Minnesota would tax farmers $0.40 per ton of fertilizer to help test and clean up thousands of private wells contaminated with agricultural runoff under a bill that cleared the House's main agricultural committee.

The proposed tax is smaller than earlier versions that had called for charging up to $0.99 per ton in the first year and escalating after that. It comes amid demands from the EPA that state pollution regulators and the Minnesota Health Department do more to prevent nitrate pollution in eight southeastern counties and to immediately provide clean drinking water to an estimated 9,000 people who may need a new source of water.

If farmers aren't required to pay for cleaning up a problem that largely is caused by fertilizer, there will be no incentive to change, said state Rep. Rick Hansen, DFL-South St. Paul, who first proposed the tax.

"It's not too much to ask for some responsibility," Hansen said. "We're going to spend millions of dollars this year of public money for cleanup costs. The people who use the product that sometimes causes the pollution need to pay for some of that cost."

The tax was opposed by Republican members of the committee. It has not moved forward in the Senate, which, like the House, is DFL-controlled.

Lawmakers have been debating how to pay for the nitrate cleanup and emergency water provisions for several months.

The proposed tax would redirect an existing $0.40 per ton tax on fertilizer that funds a state research program that aims to help increase crop yields. The fee raises about $1.2 million annually and is set to expire next year. The House proposal would replace the research tax and send the money instead to cleanup work.

The Senate has proposed extending the research tax as it is for another 10 years.

State Rep. Steven Jacob, R-Altura, said the House proposal amounts to a raid on the research program.

"This is a disingenuous attempt to hijack the fund and use it somewhere else," he said.

The EPA ordered the state on Nov. 3 to take several steps to address nitrate contamination found in private wells in Dodge, Goodhue, Fillmore, Mower, Olmsted, Wabasha, Houston and Winona counties.

The problem dates back decades. Nitrate is a chemical that is dangerous in high concentrations, and the porous geography of southeastern Minnesota makes wells particularly vulnerable to it. About 90% of the nitrate in southeastern Minnesota's water comes from fertilizers spread on croplands, a state study found in 2013.

Despite spending hundreds of millions of dollars over decades on studies, stakeholder meetings, incentives and educational and voluntary programs, the state has made almost no progress in reducing nitrate pollution.

Minnesota promised the EPA in December that it would act quickly to help residents with dangerous levels of nitrate in their wells.

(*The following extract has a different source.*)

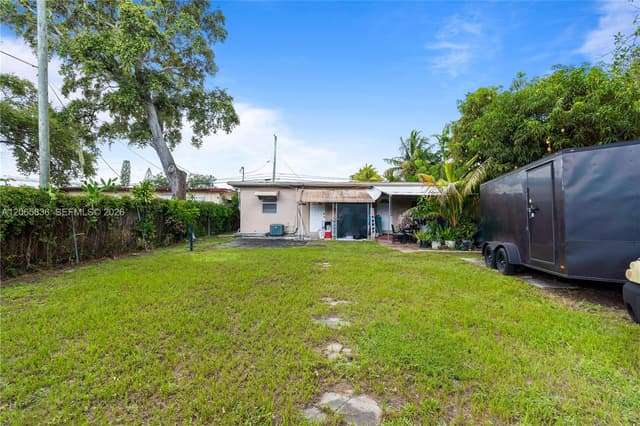 125 SE 2nd Ter, Hallandale Beach FL 33009 - Hallandale Beach, FL - Photo 3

But four months after the promises, Minnesota has yet to deliver clean drinking water to the people most in danger.

Whether or not the tax passes, the Senate and the House plan to spend between $2 million and $3 million over the next year to start testing wells and provide impacted homes with either bottled water or reverse osmosis filtering systems. But early estimates from state agencies show costs could climb as high as $7 million, depending on how much contamination is found.